= Evig Poesi =

Norwegian hip-hop band

Evig Poesi (Norwegian for «eternal poetry») is an Oslo-based Norwegian rap group. The music is influenced by artists such as A Tribe Called Quest, De la Soul and DJ Krush.

Originally a Christian rap group, the members of the group and their beliefs have changed over time, to the point that the group today has lyrics criticising religion and superstition, embracing instead scientific wonder.

Evig Poesi were some of the first to seriously practice emceeing and freestyle sessions in Norwegian.

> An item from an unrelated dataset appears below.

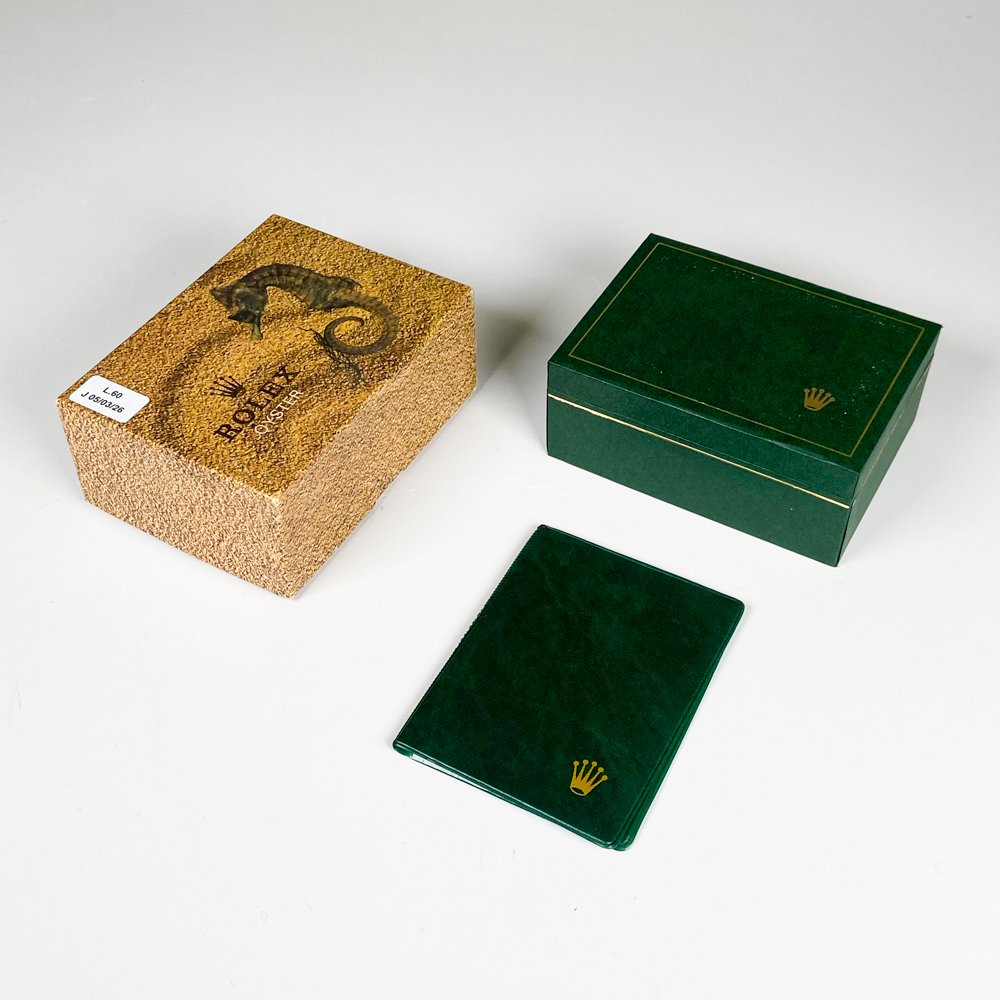 Lote siguiente: Caja de reloj Rolex con catálogo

== History and discography ==
Evig Poesi was founded by rappers Petter Smart (real name Jon Petter Etnestad) and Deep Thought autumn 1998, and was first called MHC. The name quickly changed into Evig Poesi. After a couple of years of rhyme-writing, beat-production, concert-playing and freestyling, the EP Åndelig Føde was released May 2001. DJ Broder T joined the group during the summer of 2001. The Summer 2003, they released their second EP, "Drekka Melk". The video they made of this release got heavy rotation on Norwegian TV-Channels such as NRK, and ZTV. Etnestad began using his new pen name Smart 9000 as a producer, and stopped calling himself Petter Smart.

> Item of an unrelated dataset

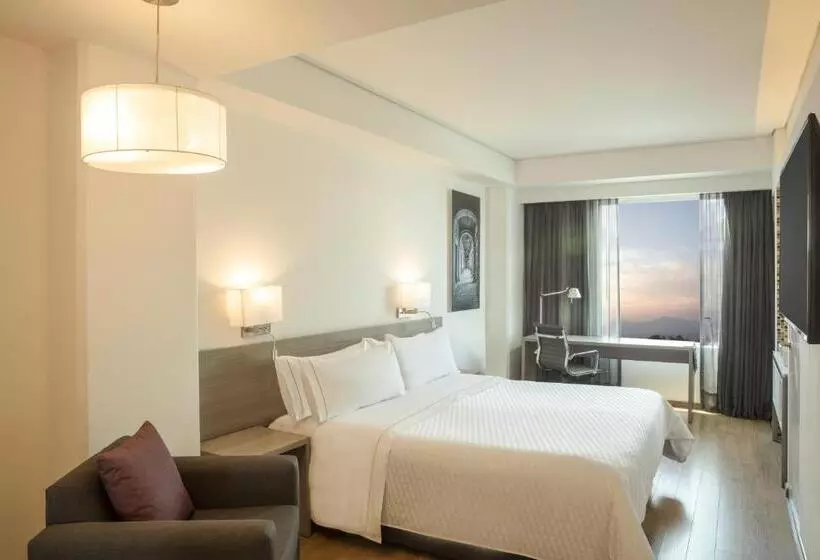 キングサイズベッドのスーペリアルーム, Fiesta Inn Morelia Altozano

In January 2006 Evig Poesi released their first full-length album: "I Krig og Kjærlighet", ("In love and war").

After the release the group changed. For a while it defined itself as a loose collective of artists and musicians, all connected to the MC/producer Smart 9000. Eventually, Smart 9000 teamed up with new addition André Jensen, and Evig Poesi took the form of a duo. The group's days of preaching Christianity were over.

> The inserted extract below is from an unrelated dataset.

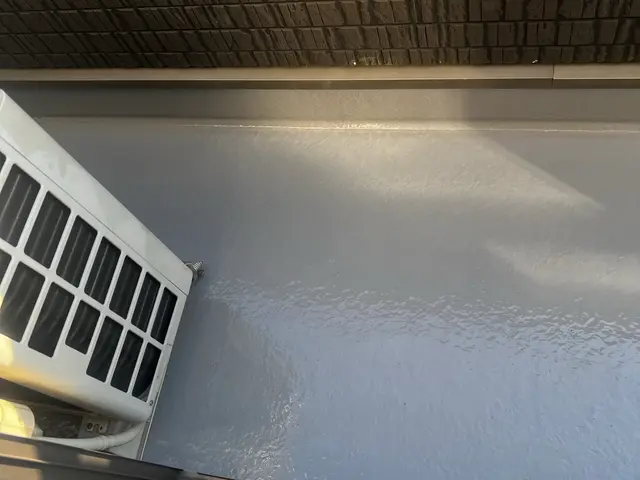 屋上ベランダ防水塗装及びバルコニー撤去外壁の目地シーリング打ちサービスの画像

Since then the group has released several albums:

In 2011 they released the album "Verdens Ende" ("The World's End") as Evig Poesi, Conurbia and Definite. This was a collaboration with Trondheim rap duo Conurbia and Oslo based rapper Definite, released on the underground record label Bonsaiety Records. The lead track from the album was "Djevelen i Detaljene" ("The Devil in the Details"), for which Evig Poesi produced their second professional music video.

In 2012 they released the album "Ingenting er Gratis" ("Nothing is Free") on their own, producing music videos for many of the tracks, and deliberately making the entire album freely downloadable (as an ironic wink at the title).

Both current group members (Smart 9000 and André Jensen) have continued making music independently, usually in collaborations with other artists. They have also competed in Norwegian freestyle rap competition "Skeez TV", and made a name for themselves there.